DATA PROVIDED below:

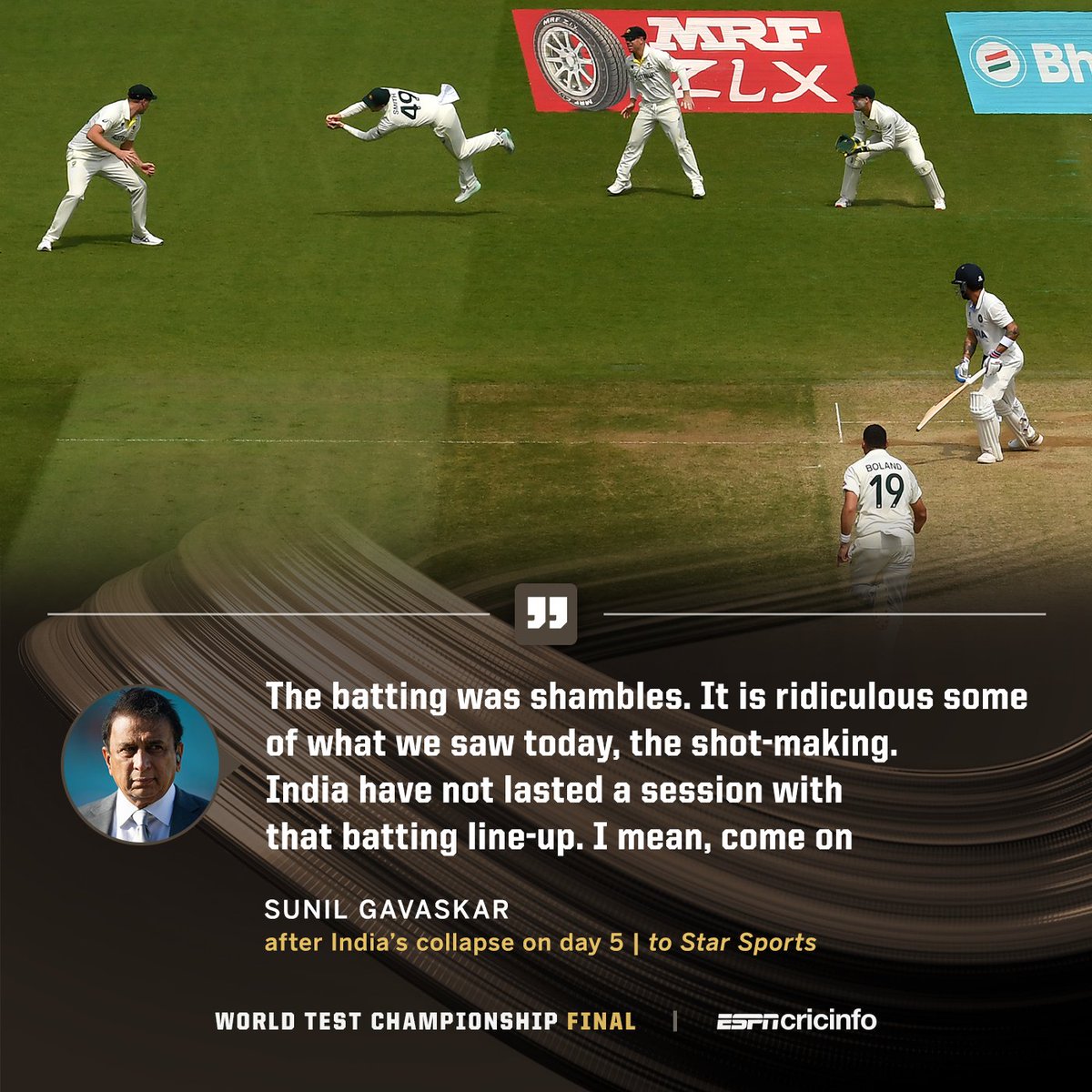cricinfo's tweet photo. India legend Sunil Gavaskar is not happy with the batters after defeat in the WTC final #AUSvIND 

👉 https://t.co/6WVbuW7ujo https://t.co/cFEzFMCu1a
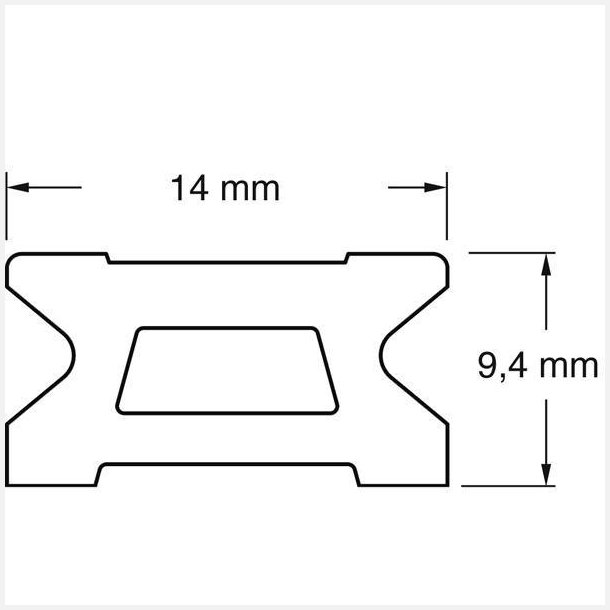 Ronstan Skdeskinne 14mm 2m serie 14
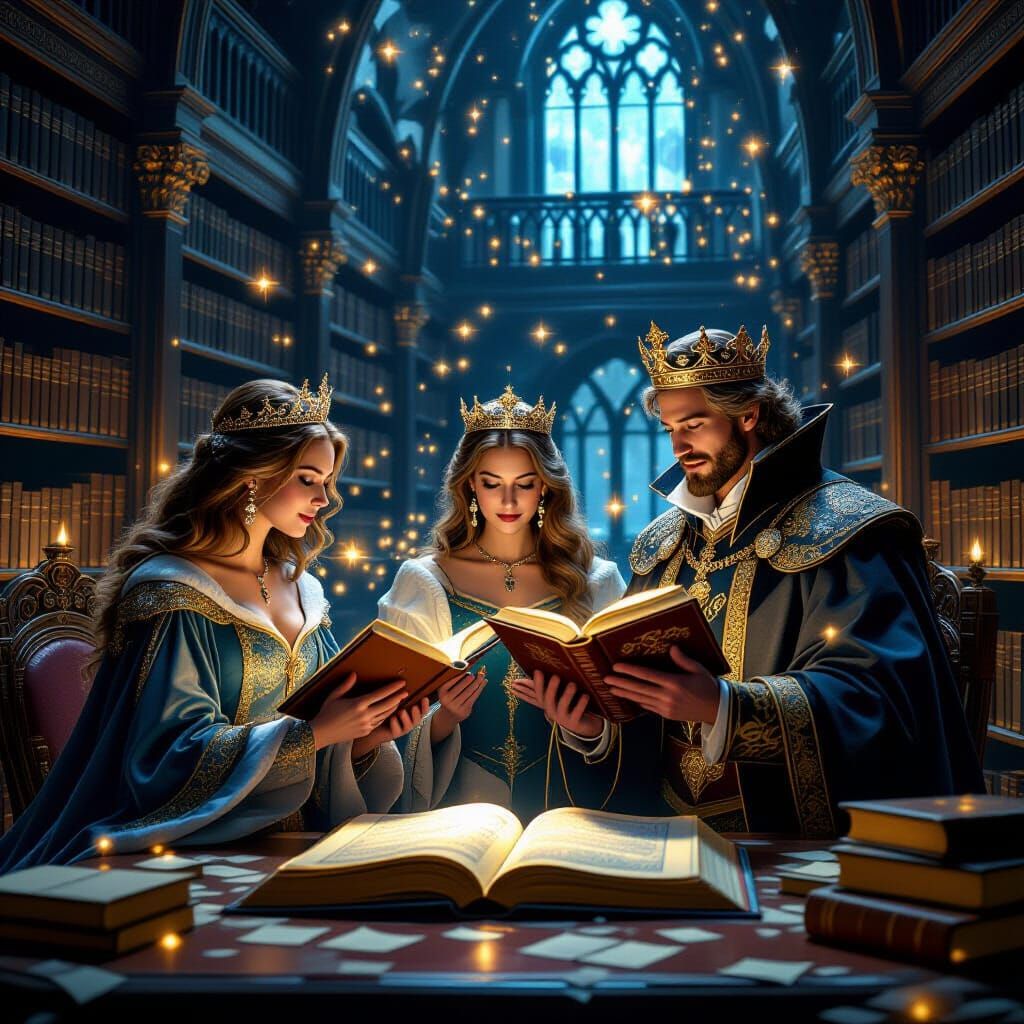 Royal Library Celebration with Kings and Queens in Mystical ...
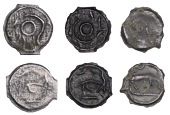 British Iron Age, CANTII, cast Potin Unit, Curved Bull type, outline head left, rev. outline bull right, 2.08g/10h...
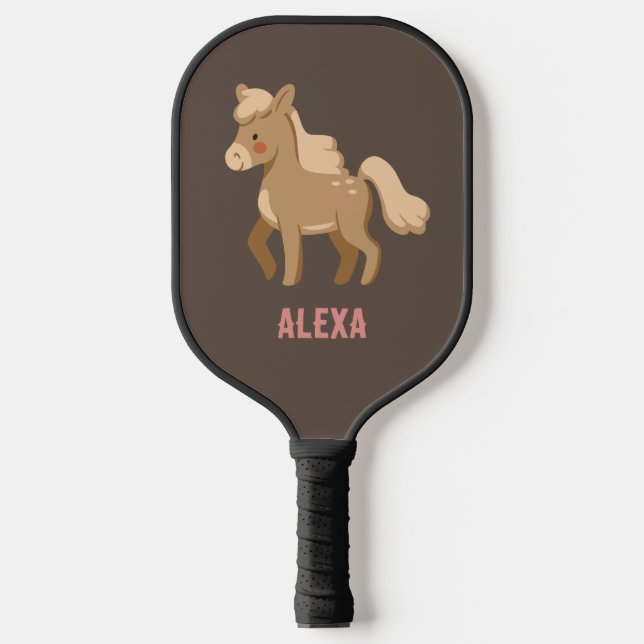 Raquette De Pickleball Monogramme Personnalisé Pony Equestrian Cheval Gir (Recto)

End of DATA PROVIDED.

EXERCISE AIM: In the records above, find the line containing "Royal Library Celebration", then write out exactly that line and every later one through the last, omitting pictures.

TASK RESPONSE:
 Royal Library Celebration with Kings and Queens in Mystical ...
 British Iron Age, CANTII, cast Potin Unit, Curved Bull type, outline head left, rev. outline bull right, 2.08g/10h...
 Raquette De Pickleball Monogramme Personnalisé Pony Equestrian Cheval Gir (Recto)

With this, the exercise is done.